Taking $S$ as a centre and with the same radius as before, draw an arc intersecting the arc at $T$ (see figure).
Taking $S$ and $T$ as the centre, draw an arc of the same radius to intersect each other at $U$.
Join $PU$. Let it intersect the arc at point $V$.
From $R$ and $V$, draw arcs with radius more than $RV$to intersect each other at $W$. Join $PW$. $PW$ is the required ray making $45{}^\circ $with $PQ.$
Justification of Construction:
We can justify the construction if we can prove ∠WPQ = 45°. For this, join PS and PT.
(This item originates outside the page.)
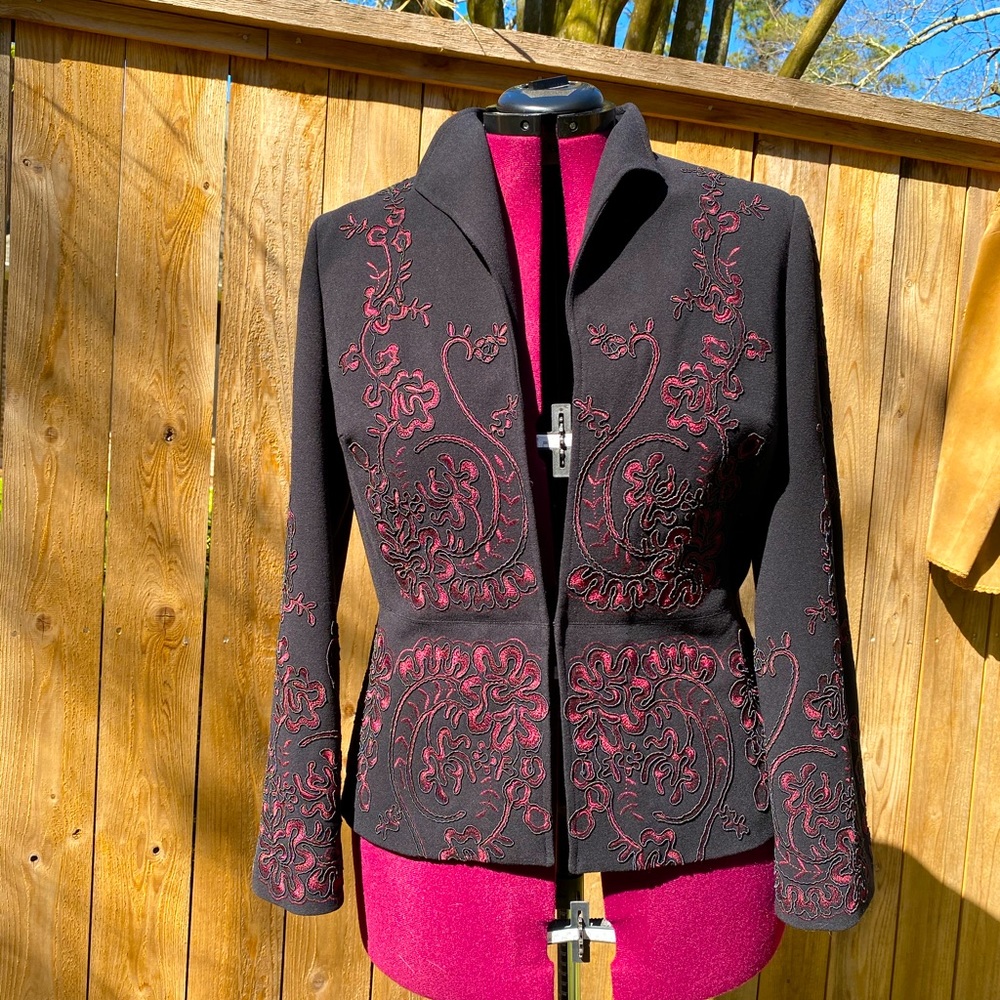 Embroidered blazer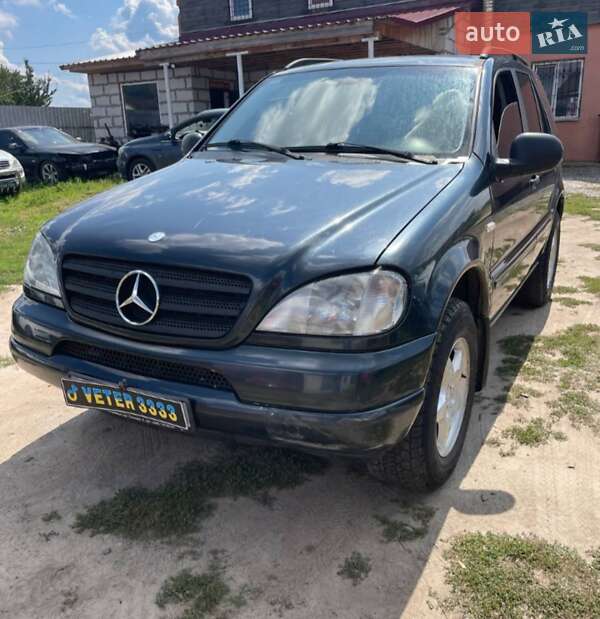 Внедорожник / Кроссовер Mercedes-Benz M-Class 2000 в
We have,$\angle SPQ=\angle TPS=60{}^\circ $. In (iii) and (iv) steps of this construction, $PU$was drawn as the bisector of \[\angle TPS.\]
$\angle UPS=\frac{1}{2}\angle TPS$
$=\frac{1}{2}\times {{60}^{o}}$
$={{30}^{o}}$
Also,
$\angle UPQ=\angle SPQ+\angle UPS$
$={{60}^{o}}+{{30}^{o}}$
$={{90}^{o}} $
\[\]In step (vi) of this construction, PW was constructed as the bisector of ∠UPQ.
$\angle WPQ=\frac{1}{2}\angle UPQ$
$=\frac{1}{2}\times {{90}^{o}} $
$={{45}^{o}} $
3. Construct the angles of the following measuremet
I. $30{}^\circ $
Ans: The below given steps will be followed to construct an angle of $30{}^\circ $.
(1) Draw the given ray $PQ$. Taking $P$ as a centre and with some radius, draw an arc of a circle which intersects $PQ$ at $R$.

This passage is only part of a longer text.